Place au terrain et au duo de commentateurs, Grégoire Margotton et Bixente Lizarazu. « On y est », s’enthousiasme le premier, « on va savoir », décrypte déjà le second. Les joueurs sont sur la pelouse. TF1 dans les startings. « Est-ce que ça portera chance aux Français mais le réalisateur et les cadreurs sont Français ? », glisse Margotton. La France est dans la place, on vous dit. Les footballeurs moins. Les Bleus sont « poussifs », en manque de « rythme » comme le confesse Deschamps à la mi-temps. « Rien n’est fait », dit Margotton « c’est un peu douloureux », analyse Liza.

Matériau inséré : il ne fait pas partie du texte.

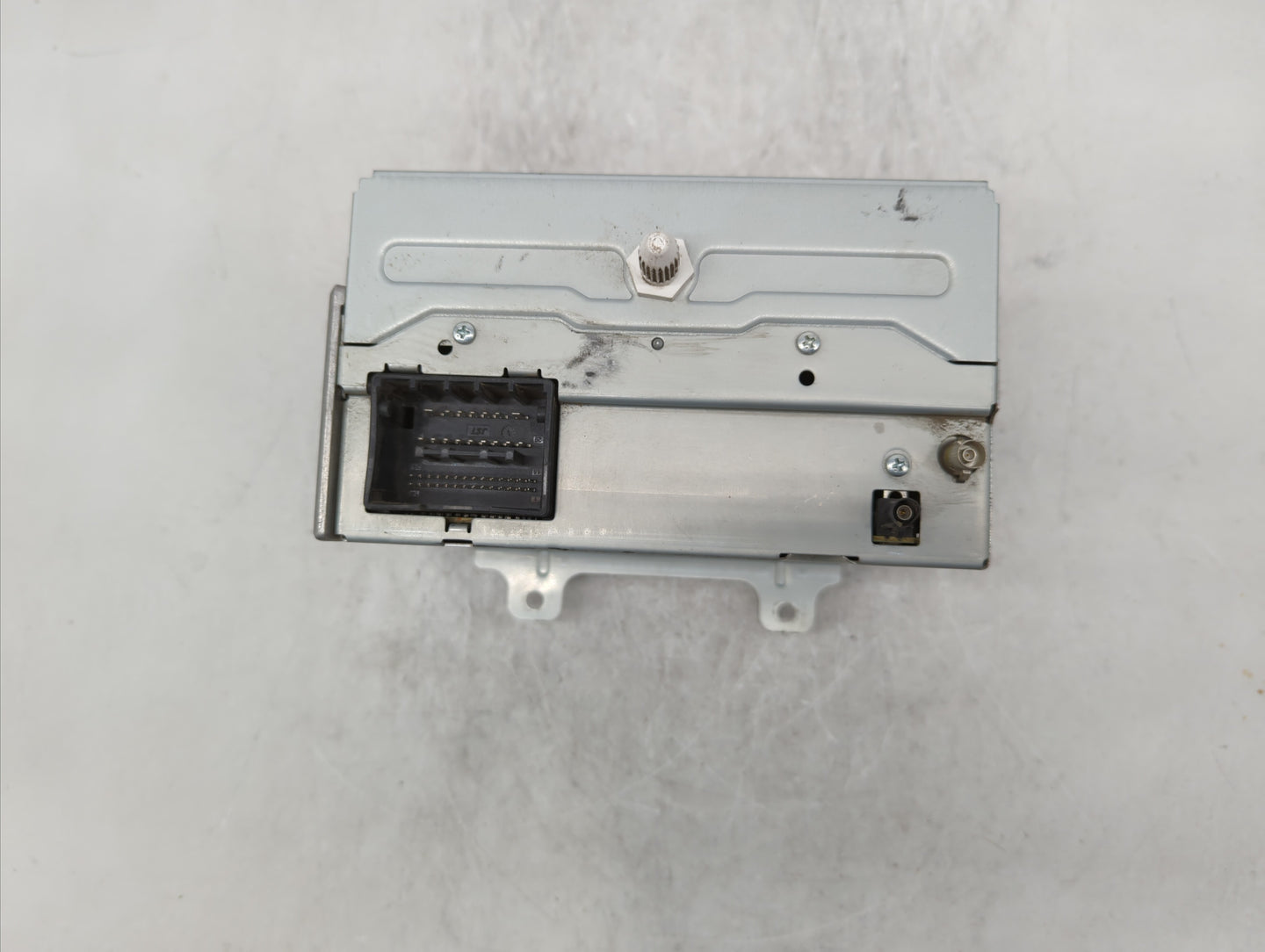 2012 Chevrolet Cruze Radio AM FM Cd Player Receiver Replacement P/N:95914367 22870782, 22815634 Fits OEM Used Auto Parts - O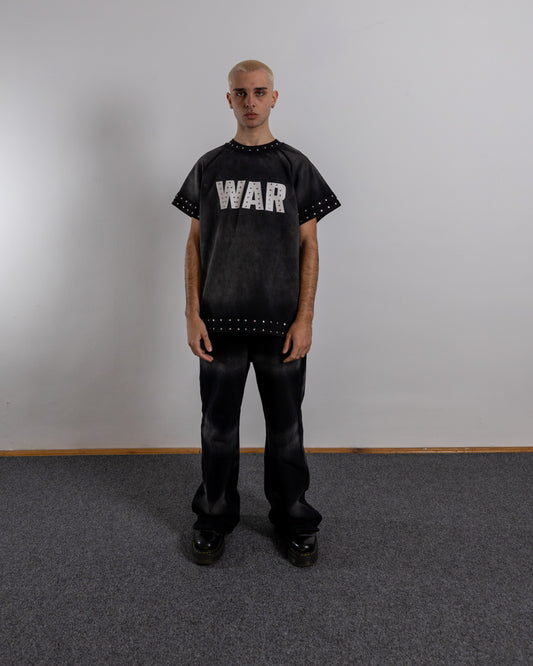 WAR TEE
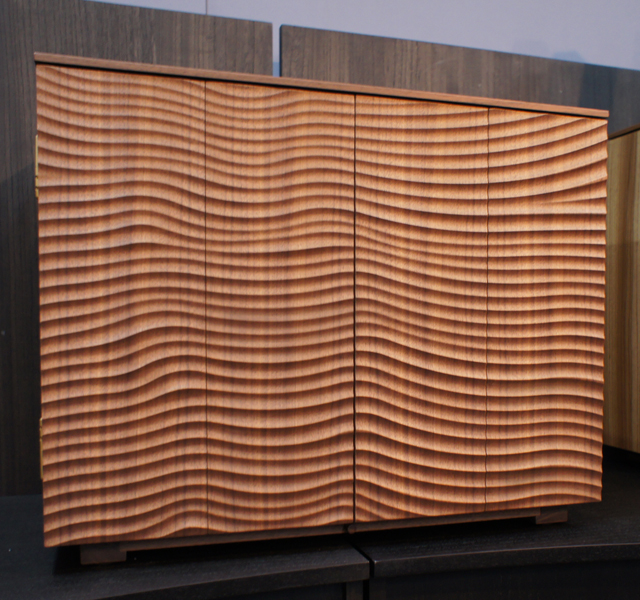 人気の素材は…ウォールナット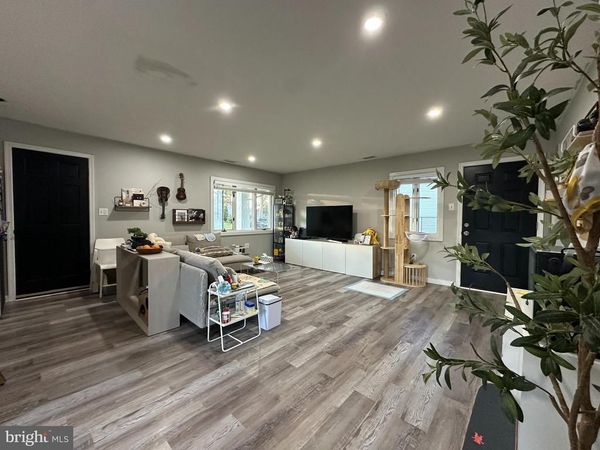 28 OUTLOOK LANE, LEVITTOWN, PA 19055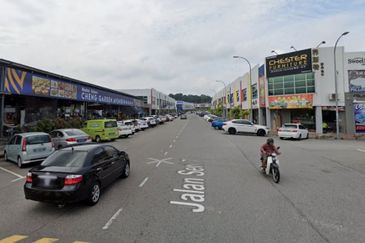 For Rent 2 Storey Corner Empty Shop @ Cheng Perdana Melaka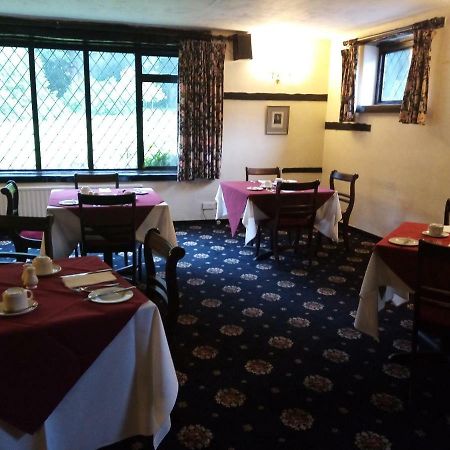 The Regency Hotel Copthorne  エクステリア 写真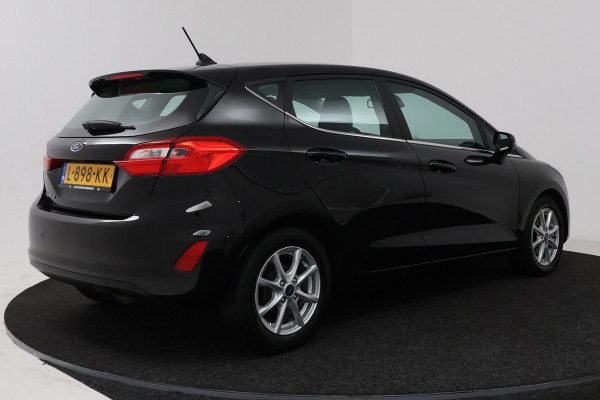 Ford Fiesta 1.0 EcoBoost Titanium (NAVIGATIE, CLIMA, PARKEERSENSOREN, 1e EIGENAAR, GOED ONDERHOUDEN)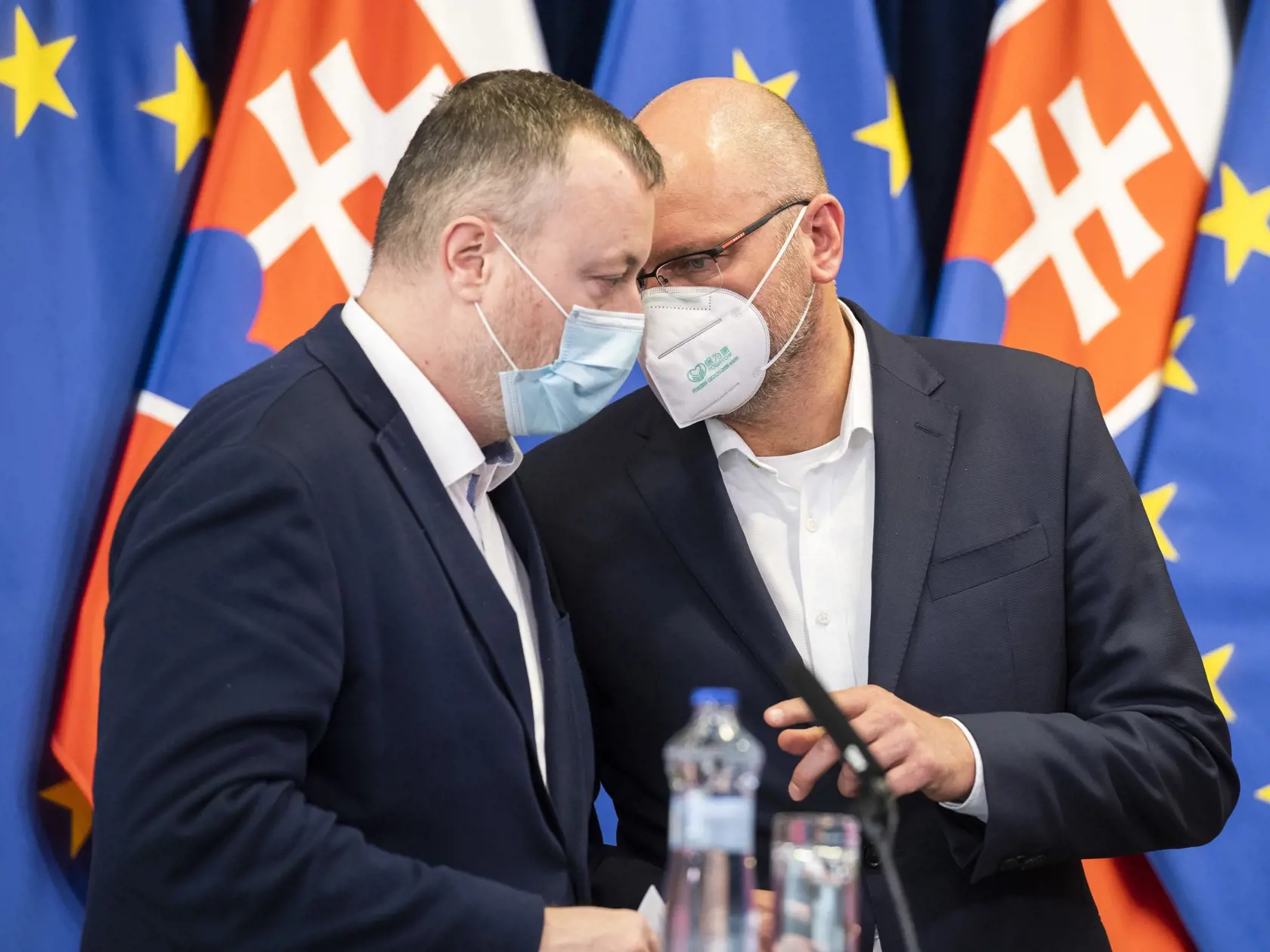 Na snímke zľava minister práce, sociálnych vecí a rodiny SR Milan Krajniak (Sme rodina) a minister hospodárstva SR a prvý podpredseda vlády pre ekonomiku SR Richard Sulík (SaS) počas tlačovej konferencie k rozšíreniu kompenzačnej pomoci štátu po 9. rokovaní vlády SR v Bratislave 9. apríla 2020. FOTO TASR - Jaroslav Novák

Deuxième mi-temps : celle de la technologie au secours des Bleus : un discutable arbitrage vidéo (un coup des cadreurs français ?) et la goal line techonology… sans oublier les questions SMS, « avec 100 000 euros à gagner pour chacun des matchs de l’équipe de France. » On reste sur notre faim. La fête est molle. Le duo au micro dans son rôle se réjouit mais pas trop. « Il y a des matchs qu’il faut savoir gagner en étant moche », conclut Lizarazu.

1H45 PM

La mariée était trop belle. Denis Brogniart tente d’ambiancer le tout en lançant son « mag de la Coupe du monde ». « Ce fut difficile mais les Bleus ont assuré l’essentiel, la victoire. ». Sur le bord du terrain, Fred Calenge console tant qu’il peut les copains. A Deschamps : « Je vous imagine soulagé ? » Oui mais non, lui répond le sélectionneur (qui insiste sur le manque de « rythme »). « Finalement n’est-ce un mal pour un bien ? », insiste le journaliste.

En plateau, la parole est à l’expertise et aux trois consultants de garde. D’abord coach Pascal Dupraz, adjudant-chef en réserve depuis son limogeage de Toulouse « Je m’attendais a plus d’enthousiasme de la part de cette équipe. ». A ses côtés Ludovic Giuly, consultant déconneur : « Décevant, on peut dire que c’est un non-match de l’équipe de France. » On peut ? Youri Djorkaeff, dans son propre rôle, tempère : « Un match qu’ils se sont rendus compliqué ». Rien du côté du camping du Cap d’Agde ou du bar de Tourcoing. Triste apéro.

Par contre Nicolas Sarkozy (égalisation du temps de parole) est dans le coin : « Les victoires, c’est ce qu’il y a de plus important… », analyse l’abonné - en présidentielle - du Parc des Princes. Puis Deschamps repasse pour répondre en plateau (exclu). « Je ne vais pas non plus faire de l’Australie un cador européen ». Bonne idée et géographiquement c’est cohérent. Une heure est passée, Brogniard éteint la lumière et lâche comme un cri du cœur ultra corporate : « La France a gagné, tant mieux ! ». TF1 reste en course.